TASK OBJECTIVE: The answer must consist solely of the lines from the line with "YEH took seven" to the end of the data below, transcribed exactly and with no pictures.

SUPPLIED INFORMATION:
⟨
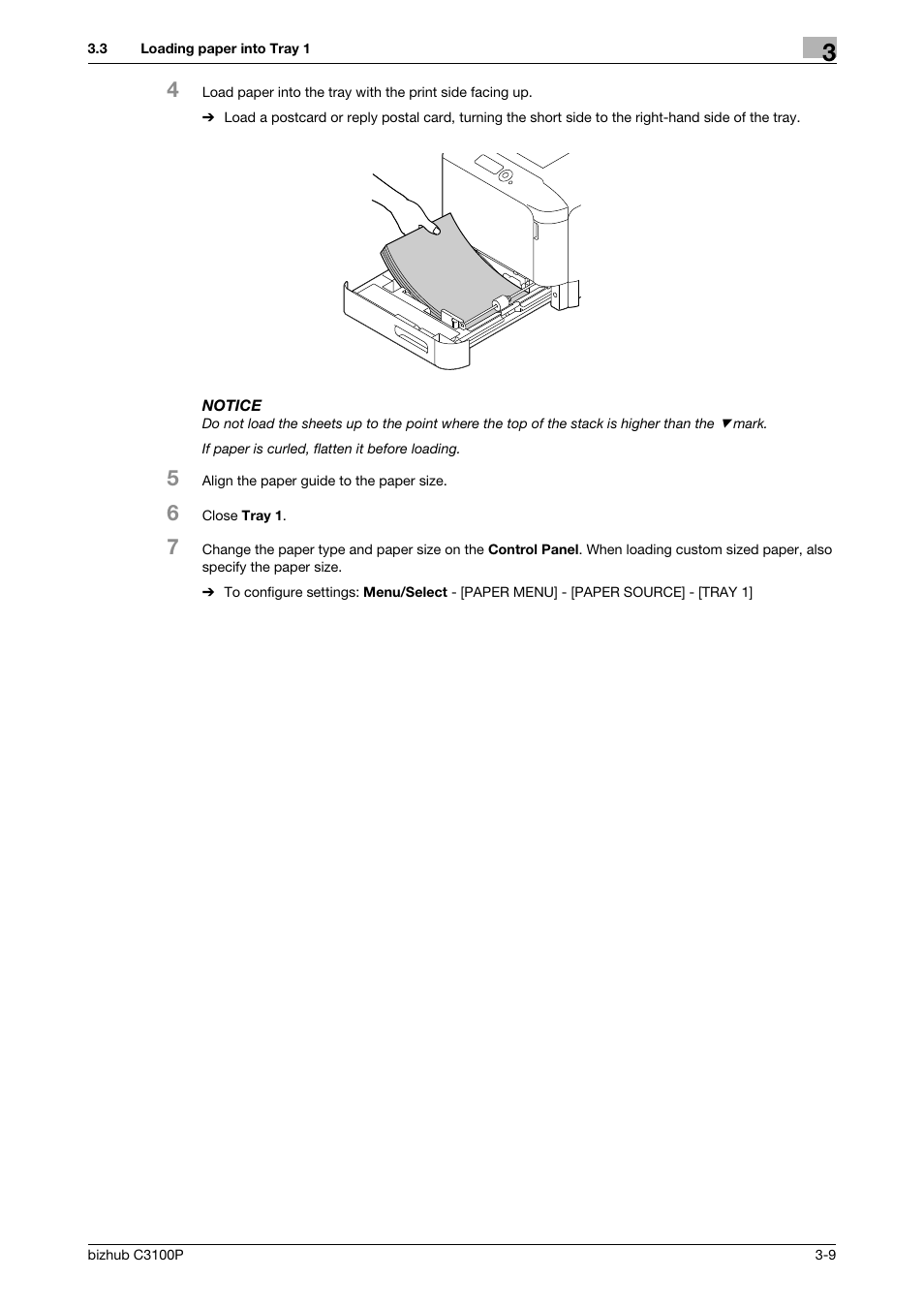 Konica Minolta bizhub C3100P User Manual | Page 31 / 48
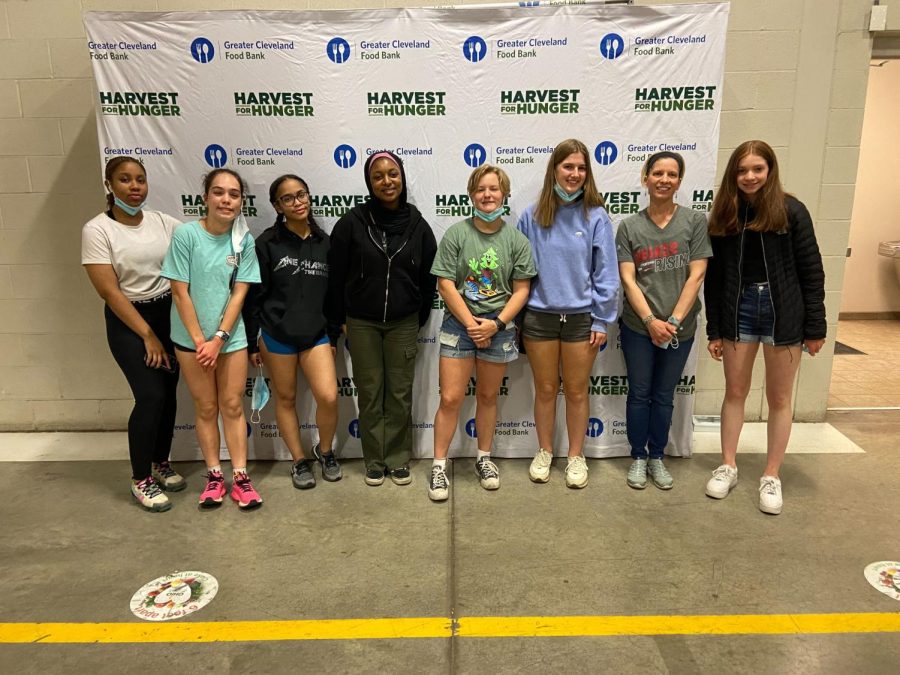 YEH took seven students and one adviser on their May trip to the Greater Cleveland Food Bank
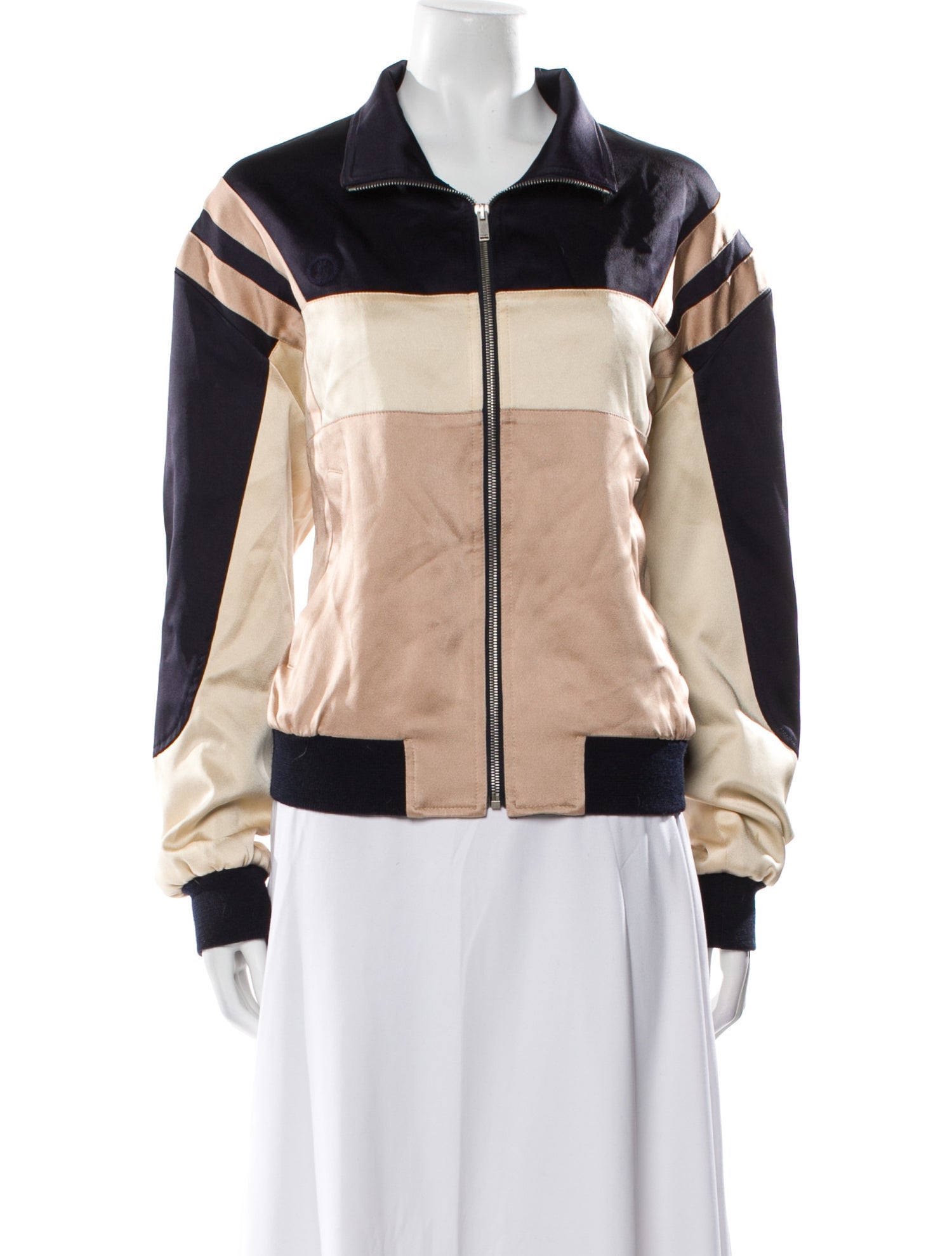 Saint Laurent 2022 Colorblock Pattern Bomber Jacket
⟩
TASK OUTPUT:
 YEH took seven students and one adviser on their May trip to the Greater Cleveland Food Bank
 Saint Laurent 2022 Colorblock Pattern Bomber Jacket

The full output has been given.